Sir Keir Starmer has said the UK is discussing participation in a £78bn (€90bn) European Union loan scheme for Ukraine, describing the move as potentially good for Kyiv, British jobs and relations with Brussels.
The prime minister raised the plan with European Commission President Ursula von der Leyen at the European Political Community summit in Yerevan, Armenia, on Monday. In a joint statement after their meeting, the two leaders said UK participation, if agreed, would mark a “major step forward in the UK-EU defence industrial relationship”
The proposal remains under discussion, and no final UK commitment was announced. But Starmer framed the talks as part of a wider effort to strengthen Ukraine’s defences in the fifth year of Russia’s war while giving UK firms access to future defence-related contracts.
“In relation to the EU loan that we are discussing participating in, that is very good for Ukraine, because it will give Ukraine capability that it desperately needs in year five of this conflict,” Starmer said as he arrived at the summit. “It’s very good for the UK, because of the capability that leads to jobs in the United Kingdom. And it’s very good for UK-EU relations.”
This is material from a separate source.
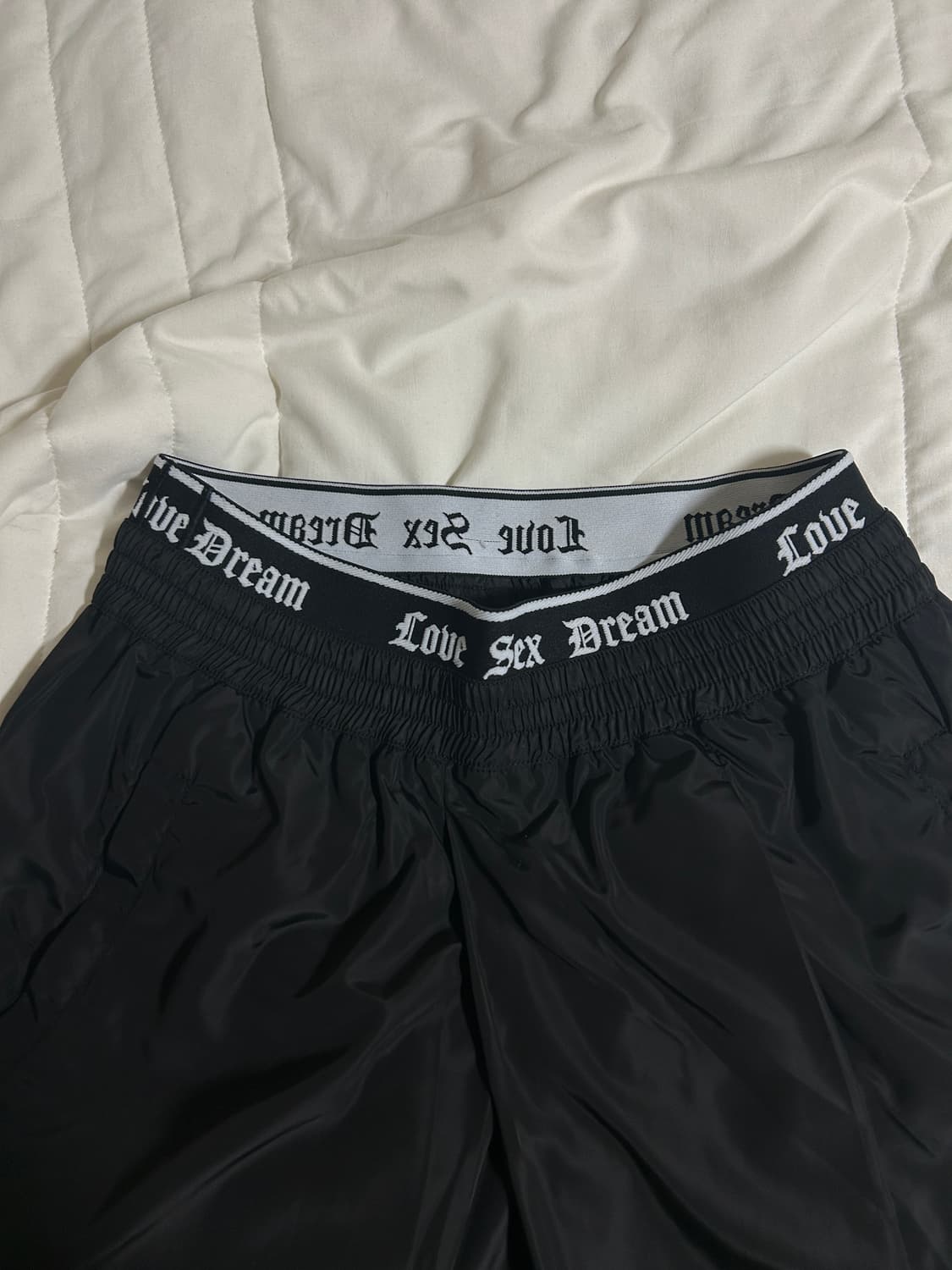 트랜센댄스 TRIVAL TROUSERS, TRACK 상품이미지2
EU leaders approved the loan package last month after Hungary lifted its veto. Ukrainian Deputy Prime Minister Taras Kachka has described the funding as “a matter of life and death”. Two-thirds of the money is due to support Ukraine’s defence needs, with the remainder intended for broader financial assistance.
The Yerevan summit brought together dozens of European leaders at a moment when Starmer said some long-standing alliances were “not in the place we would want them to be”. He argued that Europe needed to be stronger on defence, trade and energy.
Starmer also met Ukrainian President Volodymyr Zelensky in Armenia on Sunday. According to the report, the prime minister told Zelensky the UK was ready to work with allies to provide support and maintain pressure on Russia in pursuit of a “just and lasting peace” that is right for Ukraine.
Downing Street has said further UK sanctions on Russian companies are expected this week, aimed at disrupting military supply chains. The loan talks also fit into Starmer’s broader push to reset relations with Europe, though he has said closer security and economic cooperation does not amount to reversing Brexit.
The next test is whether the UK and EU can turn the discussions into a formal agreement, including terms that would allow British industry to take part in contracts linked to the Ukraine support package.